II - A valoração do dano patrimonial futuro decorrente da incapacidade ou défice funcional permanente de que o autor ficou a padecer assenta num critério de equidade, conforme decorre do disposto no artigo 566.º, n.º 3, do CC devendo o tribunal julgar equitativamente dentro dos limites que tiver por provados dada a impossibilidade de se averiguar o valor exato dos danos.
III - A equidade constitui critério de quantificação do montante a arbitrar a título de indemnização por danos não patrimoniais, devendo atender-se ao que decorre da factualidade provada quanto à extensão e gravidade dos danos causados, ao grau de culpabilidade do agente e às demais circunstâncias do caso que se justifique atender para encontrar a solução mais equilibrada, ponderando ainda os padrões seguidos em decisões jurisprudenciais recentes.
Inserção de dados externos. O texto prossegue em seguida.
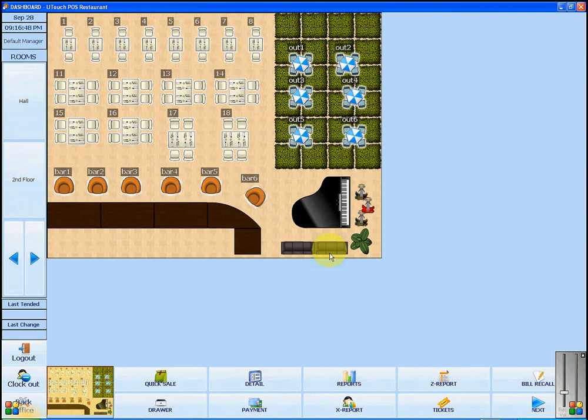When you sign in to your U-Touch POS restaurant software, you will see that there is a pre-configured restaurant setup. If you wish to change this setup, click on the back office.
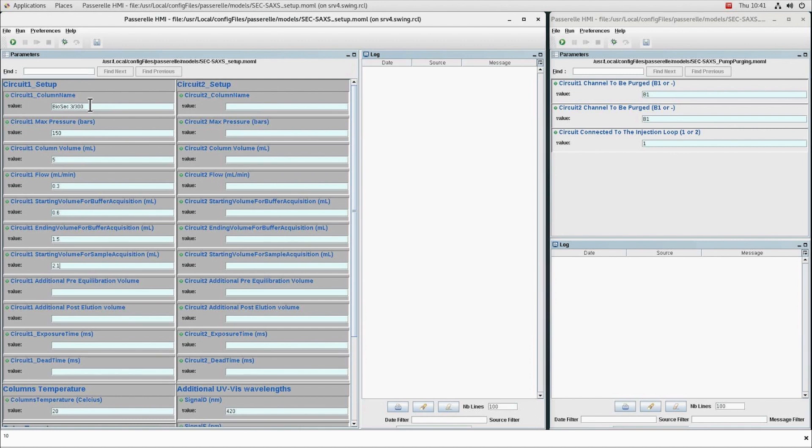The elution volume which will define the start of the sample acquisition. After aggregates have eluted, the sample acquisition will stop when the total volume of the column is eluted.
IV - O valor de 42.000,00 € mostra-se equitativo, necessário e razoável para compensar o lesado pelos danos não patrimoniais sofridos numa situação em que o autor era estudante, tinha apenas 16 anos de idade à data do acidente; em consequência das sequelas descritas deixou de praticar atividades físicas e desportivas, nomeadamente corrida e futebol, o que lhe causa desgosto e o faz sentir infeliz e diminuído, sendo que antes do embate, o 2.º autor praticava regularmente desporto, nomeadamente futebol e corrida, participava em vários trails e corridas, pelos quais chegou a ser medalhado e premiado; irá necessitar, no futuro, de consultas de ortopedia e medicação analgésica e/ou anti-inflamatória; em virtude do embate e da queda subsequente sentiu pânico e medo de morrer e sentiu pavor quanto às consequências permanentes que o acidente causaria; aceita mal as sequelas de que ficou a padecer, tendo-se tornado uma pessoa nervosa e adotando comportamentos hostis; as sequelas de que ficou a padecer conduzem a nível funcional a alguma limitação e esforço ao correr, ao permanecer em pé parado e ao subir e descer escadas, ansiedade residual, alterações de concentração e esquecimentos; sofreu período de internamento hospitalar no qual se manteve agitado; em casa manteve-se acamado durante mais uma semana, após o que iniciou marcha com canadianas; necessitou de ajuda permanente de terceira pessoa (a sua mãe) durante algum período; com Défice Funcional Temporário Total, correspondente aos períodos de internamento e/ou de repouso absoluto, entre 19-03-2019 e 08-04-2019; Défice Funcional Temporário Parcial (correspondente ao período que se iniciou logo que a evolução das lesões passou a consentir algum grau de autonomia na realização dos atos correntes da vida diária, ainda que com limitações, entre 09-04-2019 e 25-09-2019; Quantum doloris fixável no grau 4, numa escala de 7 graus de gravidade crescente; Défice Funcional Permanente da Integridade Físico-Psíquica de 7,76318 pontos com repercussão permanente na atividade profissional, na medida em que as sequelas são compatíveis com o exercício da sua atividade habitual, mas implicam esforços suplementares, com repercussão permanente nas atividades desportivas e de lazer fixável no grau 3, numa escala de 7 graus de gravidade crescente.